6. Logging flags: -v, --log-level, --log-file

Verbose levels

# Without -v: only agent steps with icons to stderr (HUMAN level, WARNING technical)
architect run "PROMPT" -a resume

# -v: agent steps and tool calls (INFO level)
architect run "PROMPT" -a build -v

# -vv: tool arguments and LLM responses (DEBUG level)
architect run "PROMPT" -a build -vv

# -vvv: everything, including HTTP requests and full payloads
architect run "PROMPT" -a build -vvv

Example output with -v:

[INFO] agent.loop.start  agent=build step_timeout=0
[INFO] agent.step.start  step=1
[INFO] agent.tool_call.execute  tool=search_code pattern="def validate" file_pattern="*.py"
[INFO] agent.tool_call.complete tool=search_code success=True chars=842
[INFO] agent.tool_call.execute  tool=edit_file path=src/utils.py
[INFO] agent.tool_call.complete tool=edit_file success=True
[INFO] eval.basic.start   prompt_preview="refactor validate_path..."
[INFO] eval.basic.complete completed=True confidence=92%
[INFO] agent.complete     status=success steps=2

--log-level — base logger level

# Only errors (most restrictive)
architect run "PROMPT" --log-level error

# Full debug (equivalent to -vvv, but without --verbose count)
architect run "PROMPT" --log-level debug

--log-file — save logs to JSON file

# Save logs to JSON Lines file
architect run "PROMPT" -a build -v --log-file logs/session.jsonl

# The file captures full DEBUG regardless of console verbose
architect run "PROMPT" --log-file logs/session.jsonl     # console quiet, file DEBUG

# Analyze the logs afterwards
cat logs/session.jsonl | jq 'select(.event == "agent.tool_call.execute")'
cat logs/session.jsonl | jq 'select(.level == "error")'
cat logs/session.jsonl | jq 'select(.event | startswith("eval."))'
cat logs/session.jsonl | jq -r '.event + " " + (.step | tostring)' 2>/dev/null

7. Silent usage (no logs)

For scripts, pipes, and automation where only the result matters.
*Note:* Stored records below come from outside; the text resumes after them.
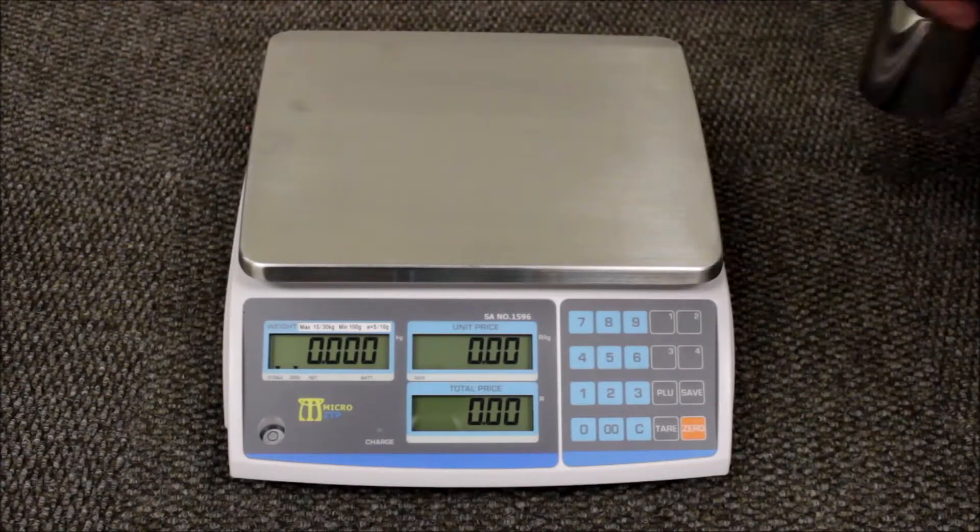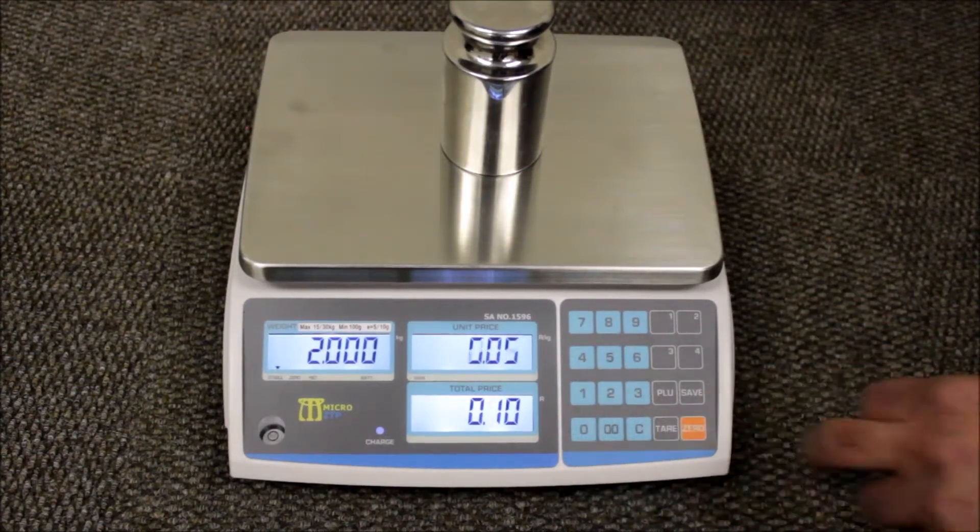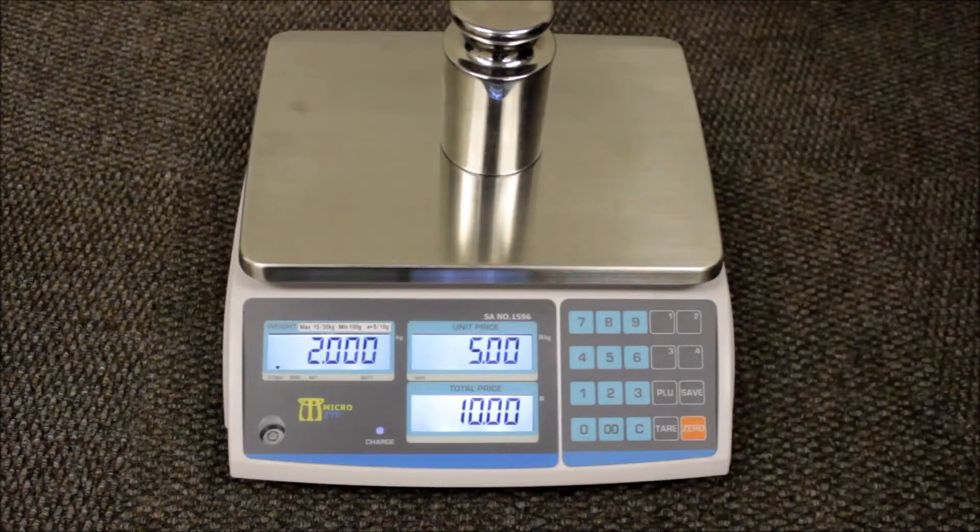Place goods on the platform, enter your price per kg — for example, 5 rand — and it will show you your total price amount to pay.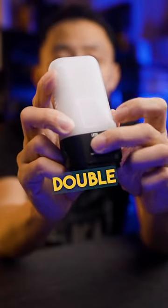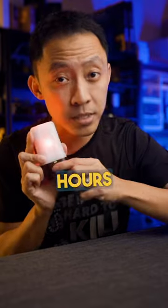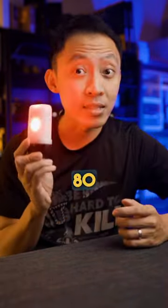To get the red light on the LR70, just double tap here on the side to get the 2 lumen red. This runs for 260 hours. Tap again and it brings you to a very decent 10 lumens that runs a crazy 80 hours.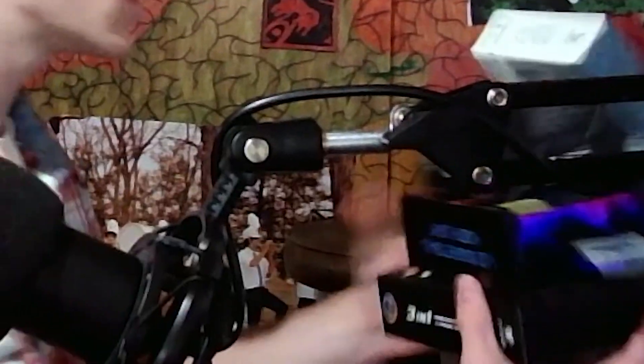Today I decided to go to Five Below and see if anything they had wasn't crap. Naturally, because of who I am, I gravitated towards the tech section. I bought a ton of stuff — here's like half of it, all the tech-related stuff. Some of the other stuff is outside. We're just going to be testing things out. Also, I didn't finish the intro in one take, which explains the cut.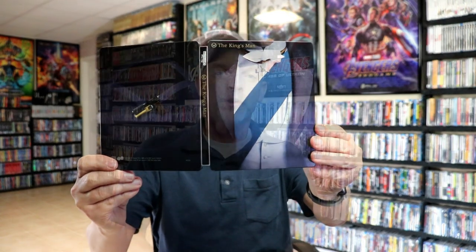So all three of these are very consistent. All three of these steelbooks did come individually sealed up and wrapped. I removed them all from the wrapper so that I could show them to you, and then I just put them in these protective sleeves. I do have an affiliate link down below where I purchased these sleeves off of Amazon if you want to check that out.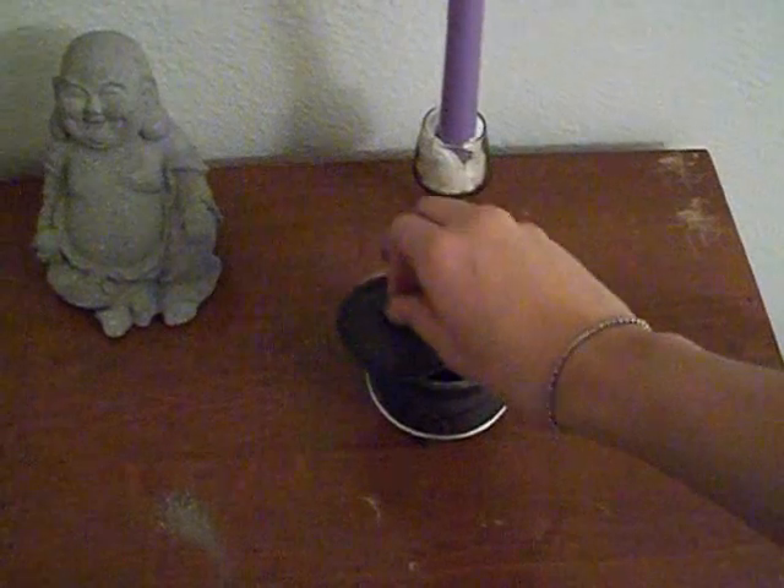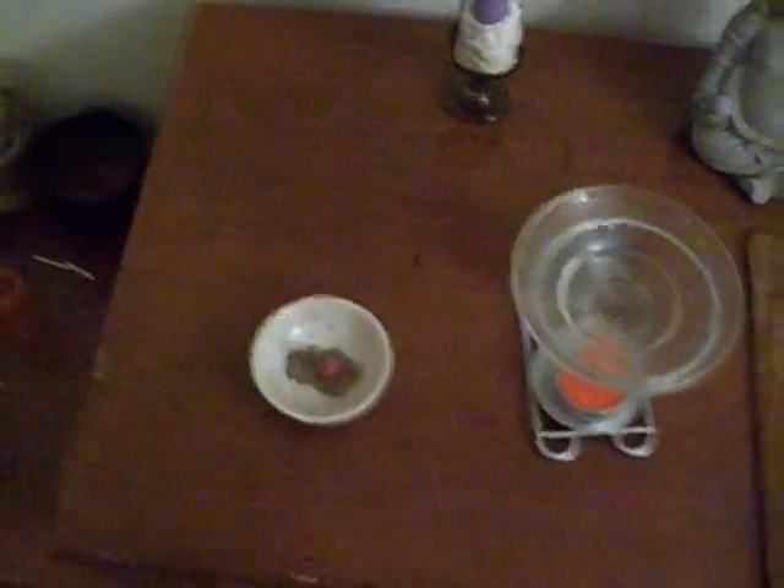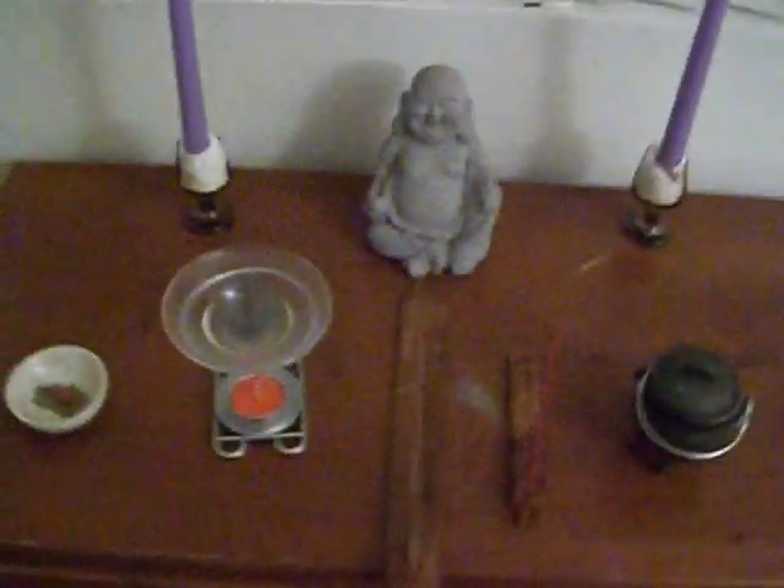I'm going to show you the placement where you can have your cauldron, and also a few other things you can use instead of a cauldron to burn. As you can see, here is the placement of your incense or your cauldron. You don't only have to use a cauldron. For your incense, you can actually use your cauldron with a brick and incense. You can use incense of any size, even an oil burner and a little cone incense. I hope that helped you out and I hope you enjoyed. Bye and blessed be.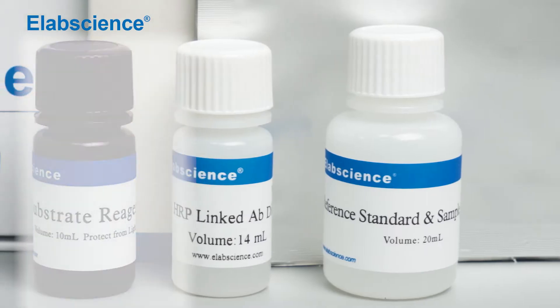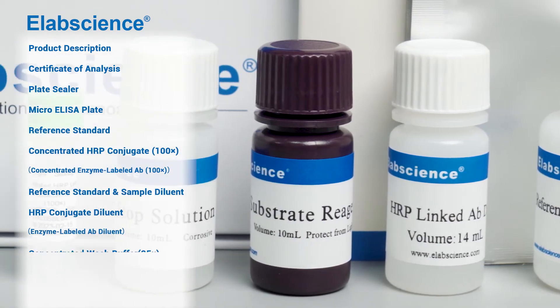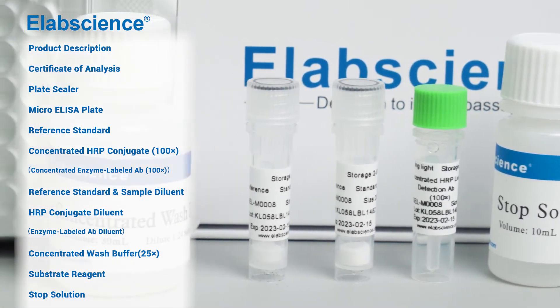Convenient storage. Take out the kit and equilibrate it to room temperature. Check its label and internal reagents and read the instructions carefully. If you have any questions, please contact the manufacturer in time.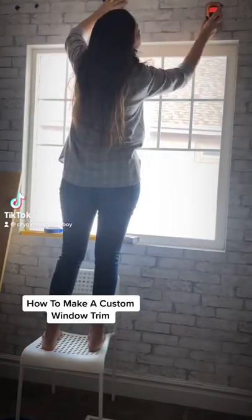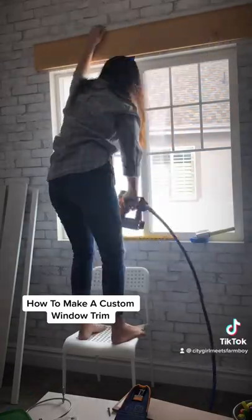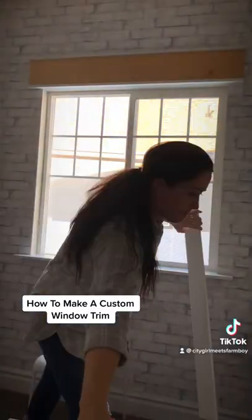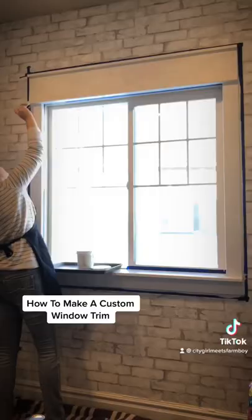It's super easy to spice up your window to add a custom trim. Cut a 1 by 8 board and add it to the top, then attach a 1 by 2 on top of that. Mount your window sill and then add 1 by 3 boards to each side of the window as well as underneath.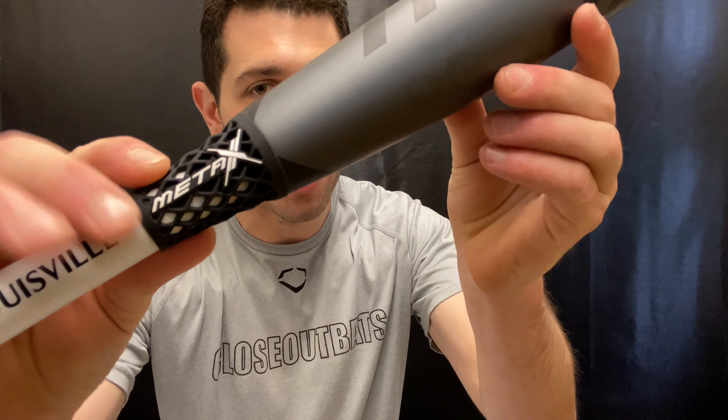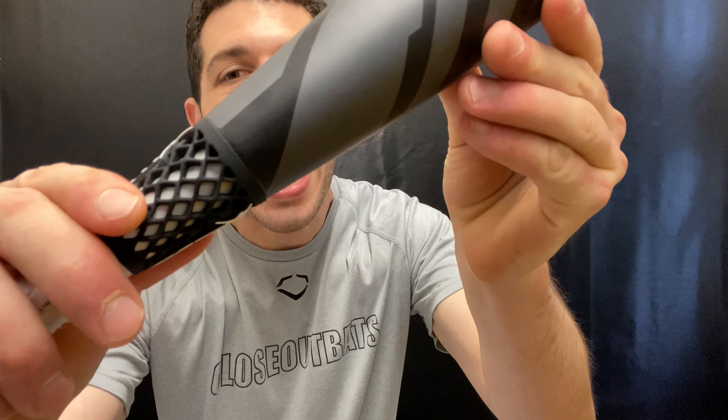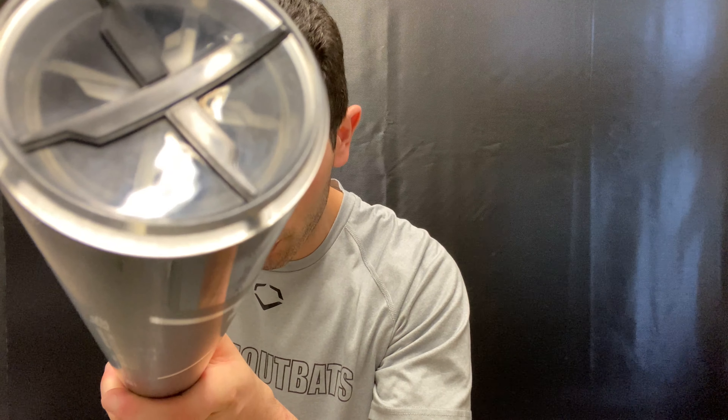We're going to have a new connection piece, which is going to be a little bit different than the connection pieces we've seen in the past. It's going to be more of that spider-type design, called the VTX connection piece. You're also going to have a new end cap — a really cool looking end cap — called the F2X end cap, which is engineered to give a little bit more durability and a lighter swing weight.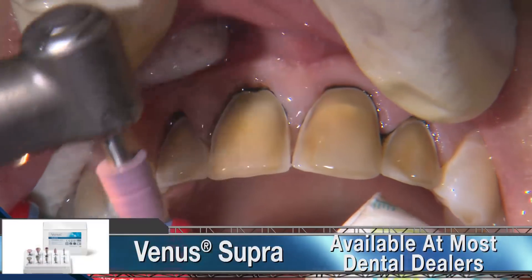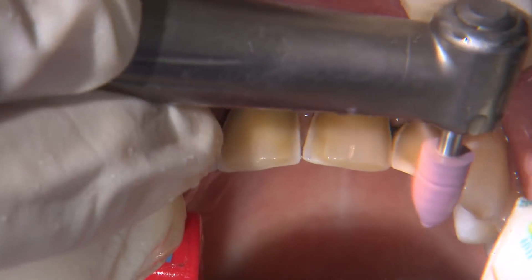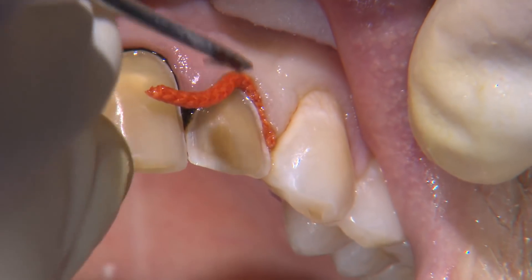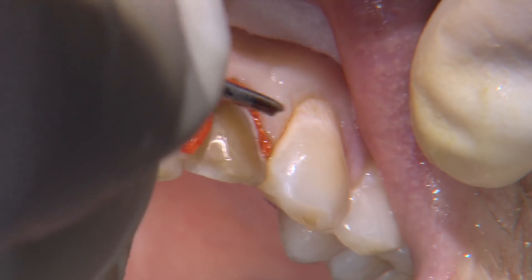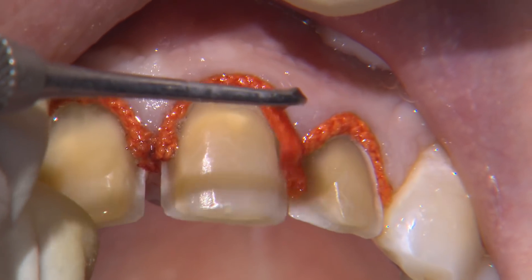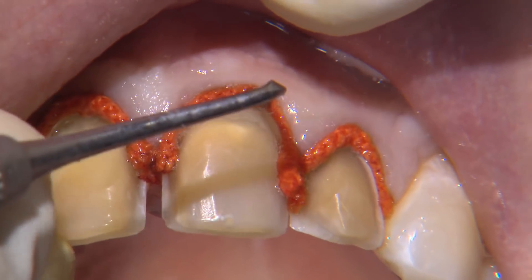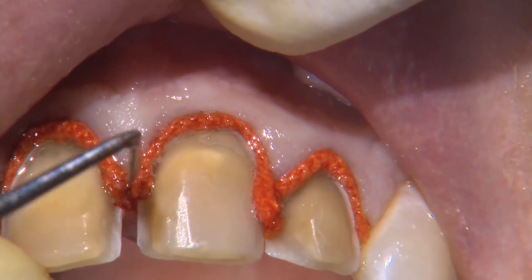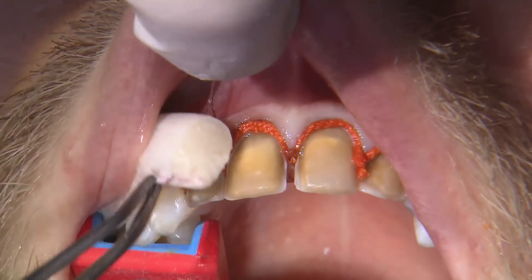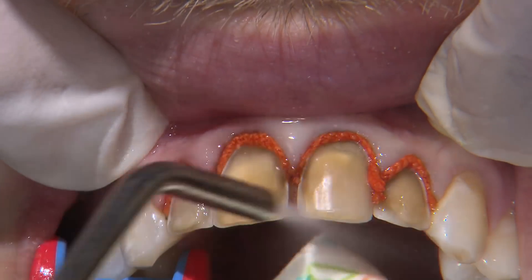I'm using a Venus Supra coarse composite polisher at about 10,000 RPM to round over this transition. To have a smooth path of insertion for the veneers from the facial direction, I angle the incisal parts of the prep cervically from lingual to facial. When the preps are completed, I place a second layer of cord into the sulcus to push the tissue laterally away from the teeth. Here I'm using a size 2 cord, using gentle pressure to push it into the sulcus and then rotating the instrument out to lock it in place. If you're having trouble getting the cord to seat, go down a size until you find one that seats adequately. The cord should be seated without much force, as we want to avoid any potential damage to the attachment.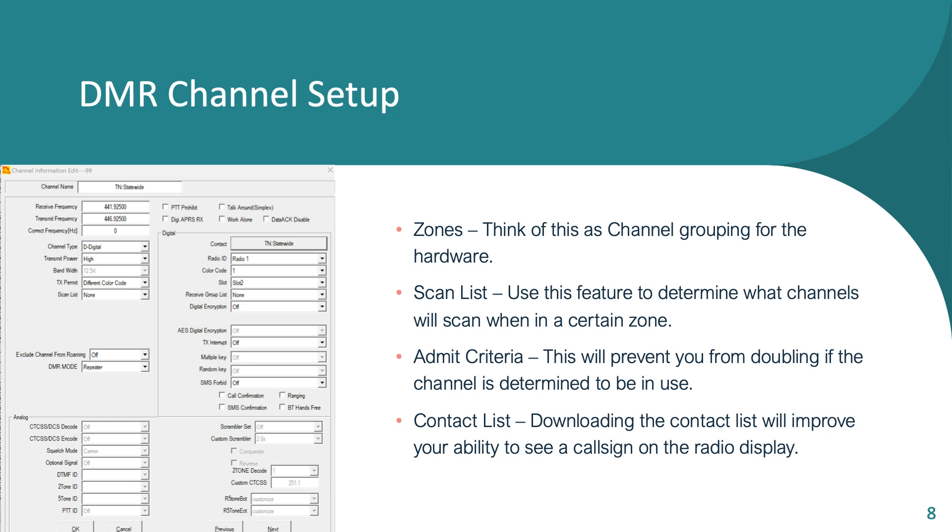Setting up DMR channels — there are a couple of terms that sound scary but aren't. Typically you put channels into a zone, which is really just a list of channels, so as you pick the zone your channel knob spins through whatever channels are in it. Scan lists: unlike some analog radios where you just hit scan and it goes through everything, in DMR you have to assign channels to a list for it to scan. Admit criteria is great — it prevents you from keying up if someone else is already talking; your radio will say 'channel busy.'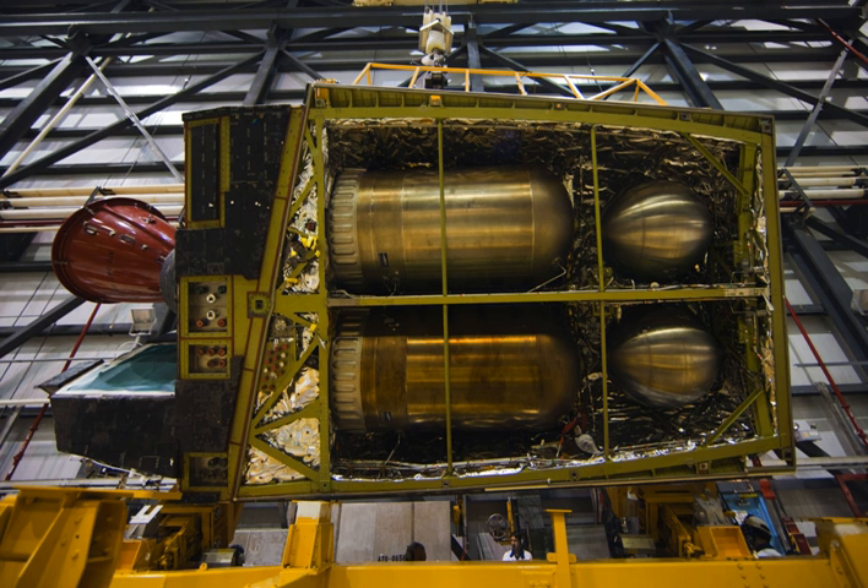Each engine could be reused for 100 missions and was capable of a total of 1,000 starts and 15 hours of burn time.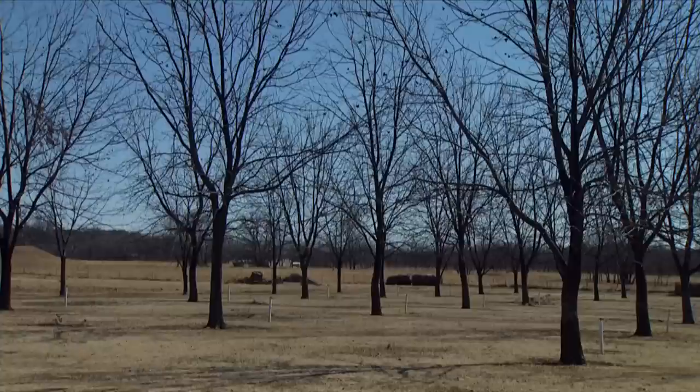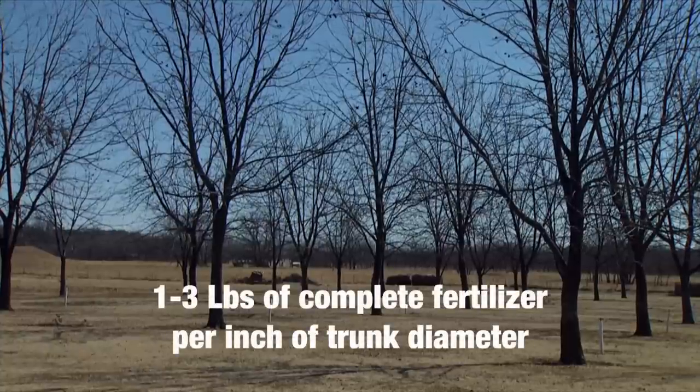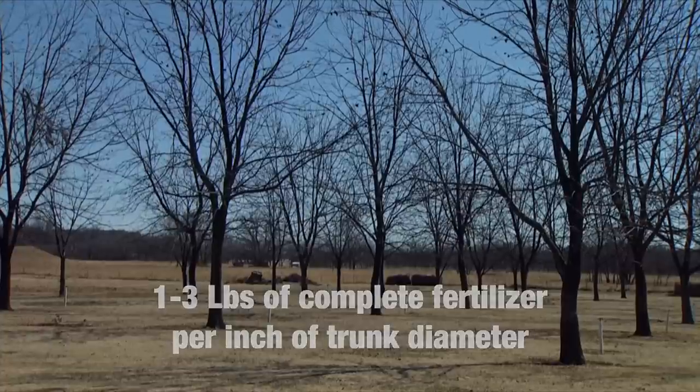Is there a rule of thumb to identify what that rate would be as our tree ages? Yes. Normally in a landscape situation, we'll put on one to three pounds of complete fertilizer per inch of trunk diameter. One to three pounds is quite a range, and that depends on how the tree's growing. If you're fertilizing the turf, you may not need anything, or maybe the trees just need a little bit more — you'd be at one pound per inch of trunk diameter. So again, we'll look at those cues: the color of the foliage and the growth.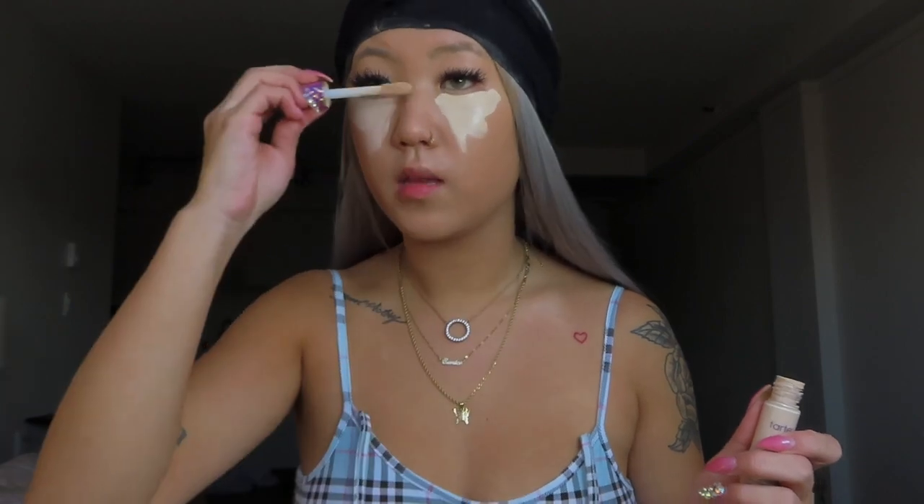Now I'm going to go in with my foundation. Today I'm just going to be using the Milani foundation, and just blend it all over. I'm going to go in with my Tarte Shape Tape. I just blended everything out and now I'm going to go in with my cream contour.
# Clean result to stdout, no logs to stderr
architect run "summarize the project in 3 lines" -a resume --quiet

# Result to file, errors to /dev/null
architect run "generate README.md" -a build --quiet 2>/dev/null

# Only parsed JSON, total silence
architect run "analyze dependencies" -a resume --quiet --json 2>/dev/null | jq -r .output

# Check if it succeeded without seeing anything
architect run "validate the configuration" -a resume --quiet 2>/dev/null
echo "Exit code: $?"   # 0=success, 1=failure, 2=partial, 3=config error...

Output path summary:

Normal mode:    stderr <- [streaming + logs]    stdout <- [final result]
--quiet:        stderr <- [only errors]          stdout <- [final result]
--json:         stderr <- [logs per -v]          stdout <- [full JSON]
--quiet --json: stderr <- [only errors]          stdout <- [full JSON]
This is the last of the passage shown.